Disclaimer: This is an opinion piece submitted to Shenton Wire’s editor. The opinions expressed in this item are the writer’s own and do not purport to reflect Shenton Wire’s views.
The proposed merger between Mapletree Commercial Trust (MCT) and Mapletree North Asia Commercial Trust (MNACT) is being presented as a win-win deal. The reality though is that MCT holders are being asked to approve the acquisition of an underperforming REIT at a hefty premium.
While MCT has delivered steady growth over the years, MNACT’s performance has been choppy and lackluster as seen from data on MNACT’s own website and in the appendix to the PowerPoint presentation shared by both REITs.
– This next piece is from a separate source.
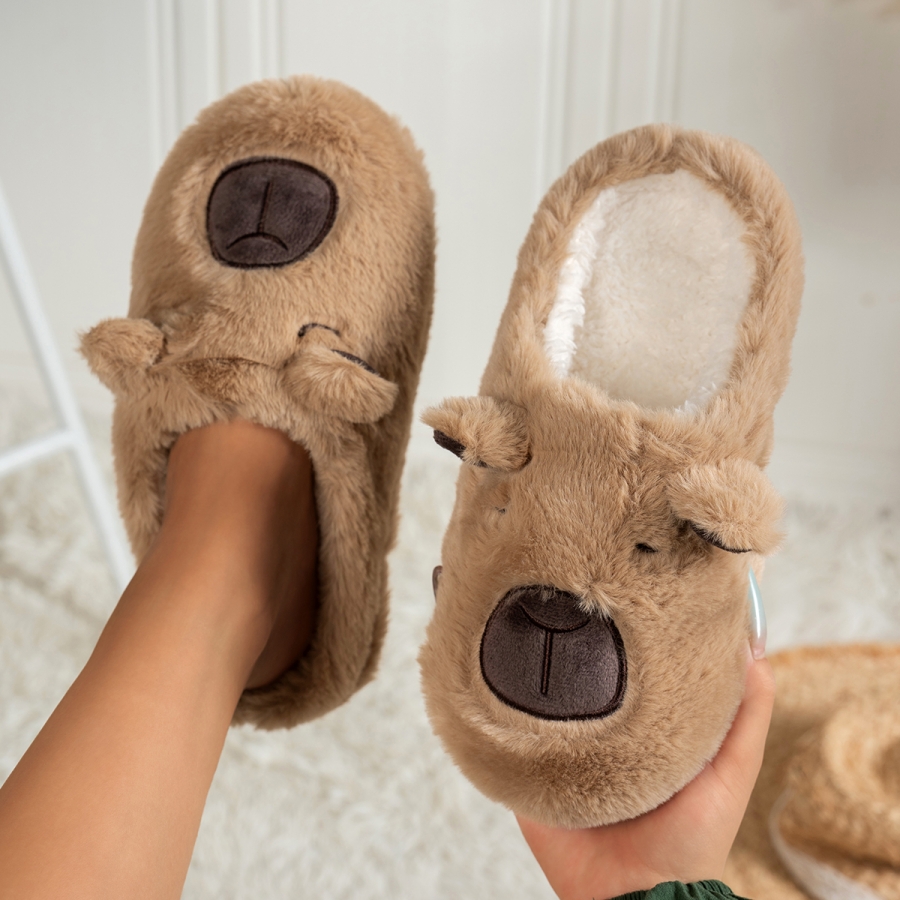 Women's Cartoon Slippers Cute  - Women'S Shoes For Fall ulasan dan harga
For instance, while MCT’s distribution per unit has grown by an average of 4.8 percent per annum since IPO, MNACT’s has increased by just 1.9 percent.
MCT’s unit price has increased by an average of 8 percent a year since IPO compared to MNACT’s 2 percent, while MCT’s gearing is much lower at 33.7 percent versus MNACT’s 42.2 percent.
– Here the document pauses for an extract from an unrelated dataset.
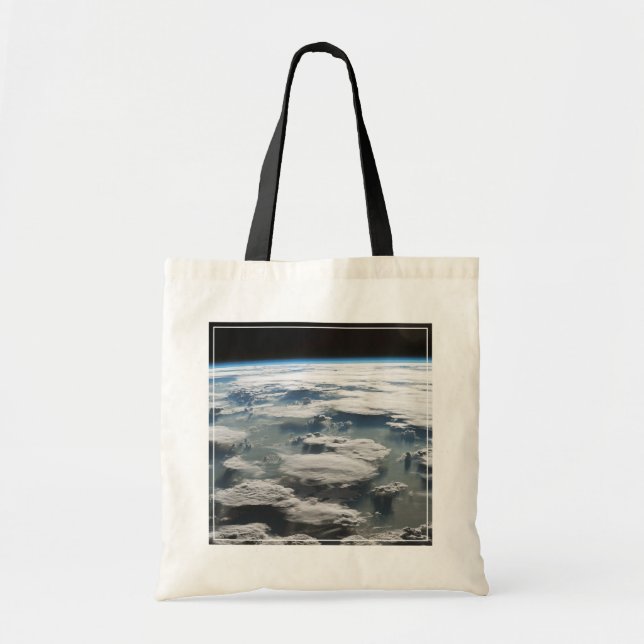 Stormy Sky Above The Amazon Tote Bag (Front)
The future does not look promising either as Festival Walk, MNACT’s key asset, is sitting on land with just 26 years remaining on the lease, according to its fiscal 2021 annual report. MNACT’s latest financial results indicate that rents at Festival Walk are likely to continue falling in the near future.
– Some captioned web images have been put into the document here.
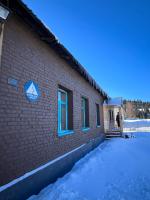 Beymaral Lodge Jyrgalan - Bed and Breakfast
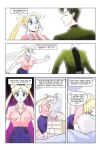 [wadevezecha] Crystal Castle (Sailor Moon) - ongoing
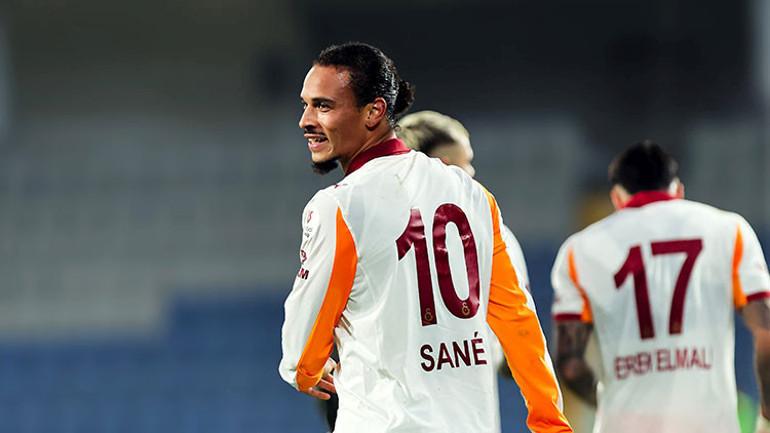 Galatasaraylı Leroy Sane'nin Göz Kamaştıran Performansı ve Yorumlar 3 Alman Medyasında Leroy Sane’ye Dair Yorumlar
Despite MNACT’s poor track record and outlook, MCT unit holders are being asked to value their sister REIT at a premium of 7.6 percent to 17.8 percent over the market price depending on how it is calculated.
As such, I strongly urge fellow minority shareholders of MCT to reject this value-destroying proposed merger.
I used to regard Mapletree Investments as one of the better sponsors in terms of how it treats minority shareholders. I no longer hold this view.
Kevin Lim Fung Ming
Note: This item cites the trusts’ joint investor presentation on the merger, pages 39 and 40.